TASK DESCRIPTION:
Starting at the line that has "WARN AXON 45 Winch - Wire Rope 101145" and stopping after the line that has "KIEHLS CALENDULA SERUM", reproduce the listing below exactly; omit everything else.

START RECORDS SUPPLIED

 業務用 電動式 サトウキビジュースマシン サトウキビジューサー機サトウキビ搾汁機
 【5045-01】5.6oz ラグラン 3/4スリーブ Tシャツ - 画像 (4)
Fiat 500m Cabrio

END RECORDS SUPPLIED
START RECORDS SUPPLIED

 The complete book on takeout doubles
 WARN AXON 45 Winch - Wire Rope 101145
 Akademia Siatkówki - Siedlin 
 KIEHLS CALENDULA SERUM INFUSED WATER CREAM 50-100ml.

END RECORDS SUPPLIED
START RECORDS SUPPLIED

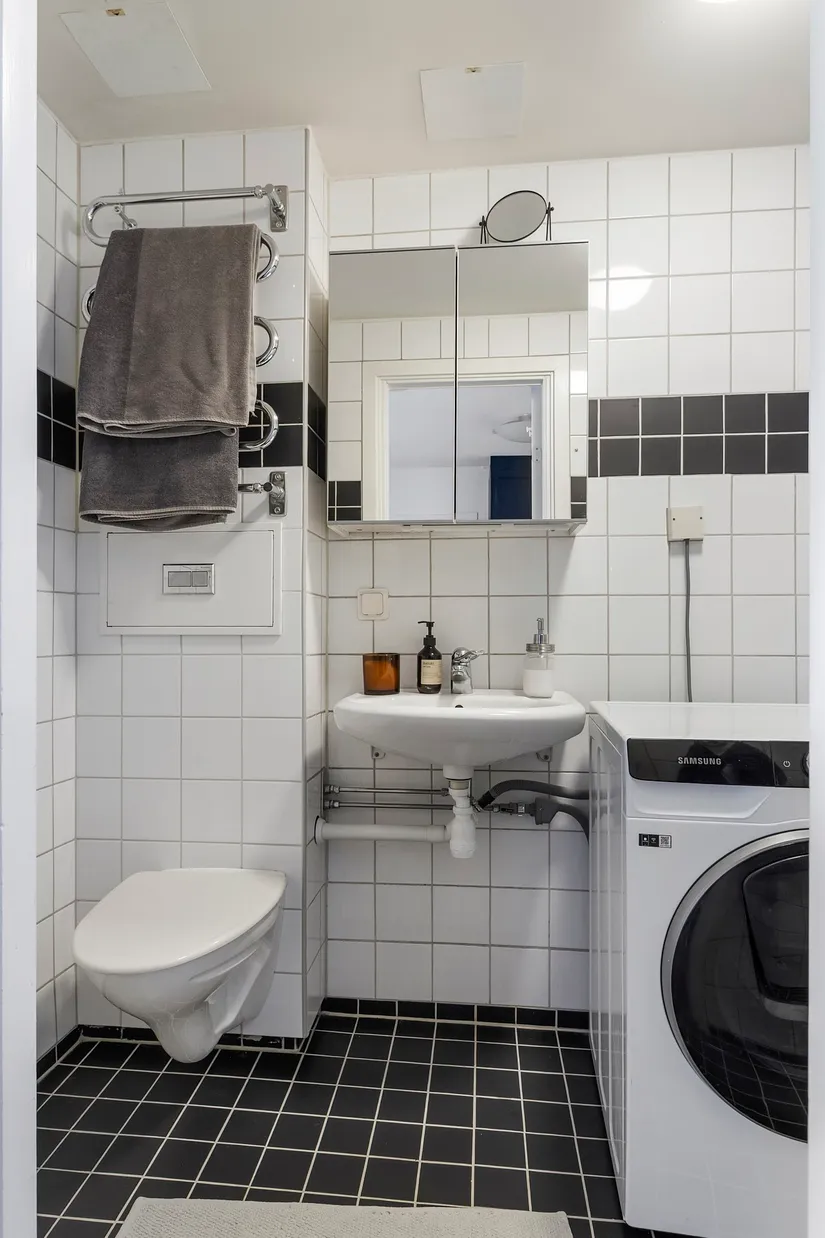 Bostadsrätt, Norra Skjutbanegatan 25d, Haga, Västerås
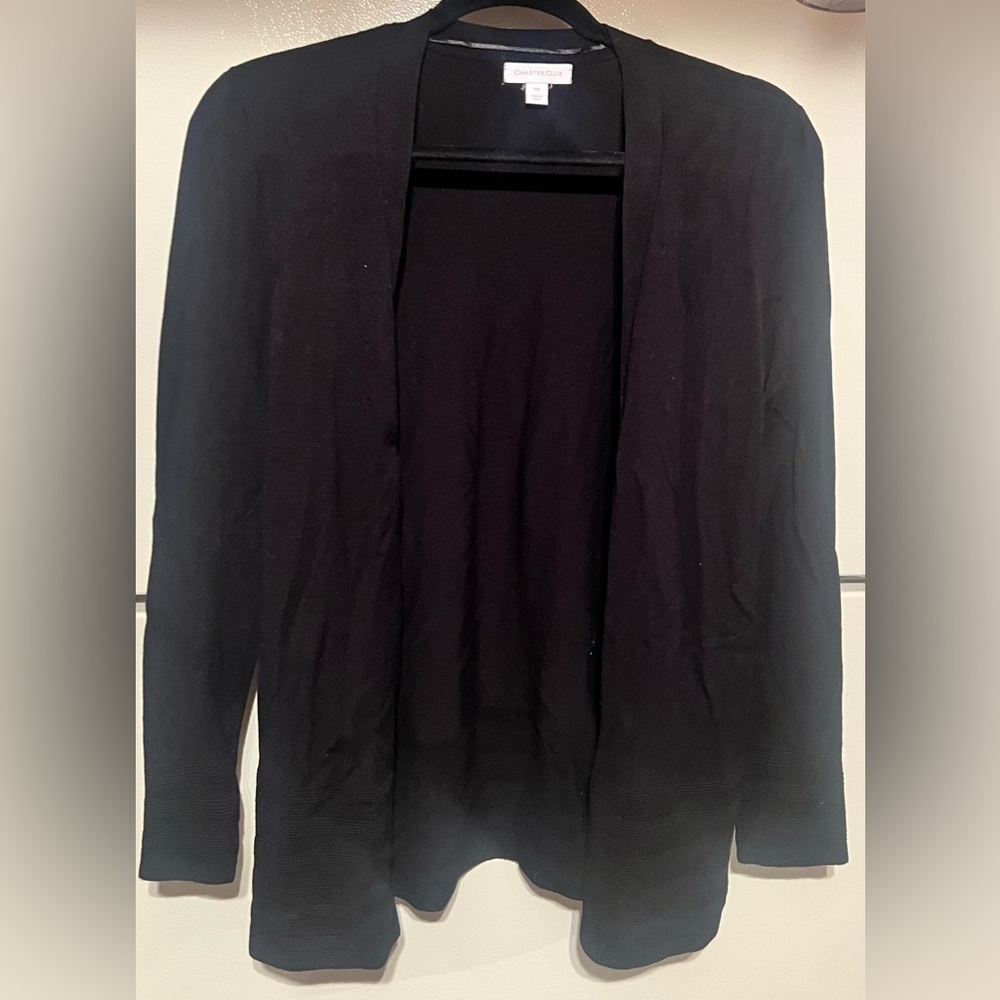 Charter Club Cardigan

END RECORDS SUPPLIED

RESPONSE AREA:
 WARN AXON 45 Winch - Wire Rope 101145
 Akademia Siatkówki - Siedlin 
 KIEHLS CALENDULA SERUM INFUSED WATER CREAM 50-100ml.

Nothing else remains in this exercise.